The Serbian government’s deposits held at the central bank (NBS) jumped 49.6% to RSD 260bn (EUR 2.2bn) at end-December 2013, recording the highest end-year level since 1999 (latest available), central bank data showed. The reading was bolstered by Serbia’s two Eurobond issues in February and November 2013 worth a combined USD 2.5bn. In monthly terms, state deposits likewise climbed 40.2% in December as FX deposits doubled.
The government deposits at the NBS equalled to 6.9% of the full-year GDP forecast at end-December, up from 5.1% of GDP a year ago, according to IntelliNews calculations.

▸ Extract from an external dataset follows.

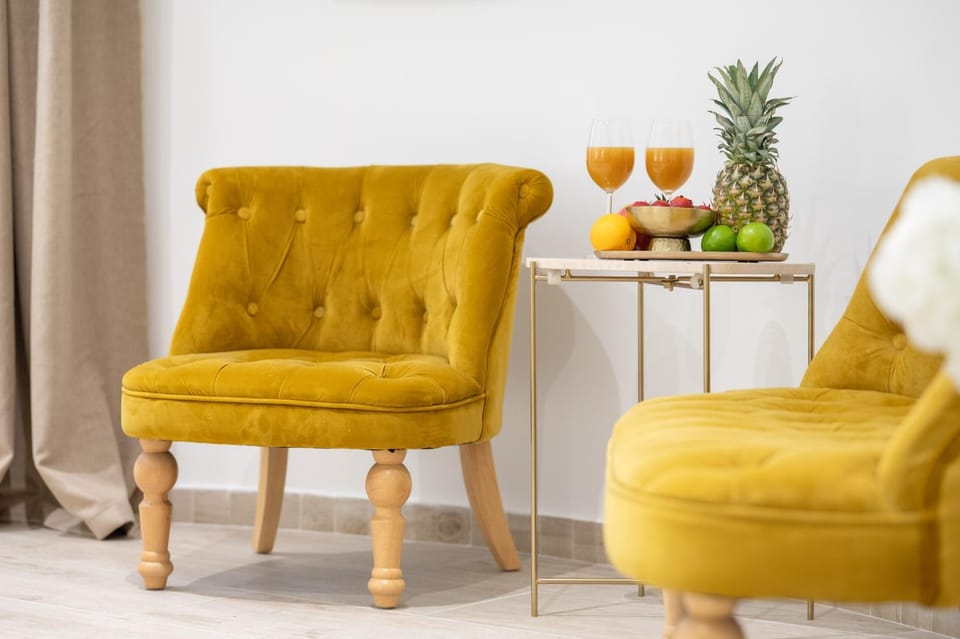 Food and drinks, Decorative detail, Seating area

Dinar state deposits increased 64.4% y/y to RSD 111.3bn at end-December. In monthly terms, government deposits in RSD edged up 0.8% at end-December. Foreign currency deposits, calculated in dinars, climbed 40.0% y/y and 98.0% m/m to RSD 149bn at end-December. They accounted for 57% of total state deposits.

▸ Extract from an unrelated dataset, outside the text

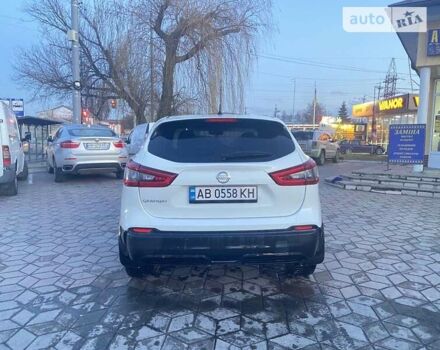 Білий Ніссан Кашкай, об'ємом двигуна 1.6 л та пробігом 102 тис. км за 16999 $, фото 4 на Automoto.ua
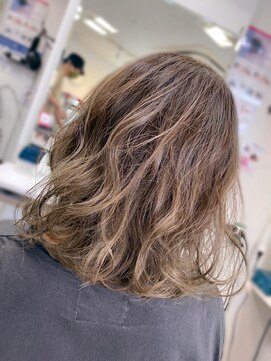 24 岸和田店 いつもと違うヘアカラーがしたい方へ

Serbia plans to borrow EUR 5.6bn in 2014 to service its debt and finance its budget gap which should reach 7.1% of GDP. The government is considering placing EUR 750mn Eurobond in 2014, finance minister, Lazar Krstic, has said earlier in January.
The foreign investors' demand for Serb government securities has increased since October reflecting both external (ECB’s decision to cut its benchmark interest rate to 0.25% on Nov 7) and internal factors (falling inflation and budget austerity measures). Nonetheless, the anticipated early elections in the country in March could negatively impact investor’s confidence in the coming period.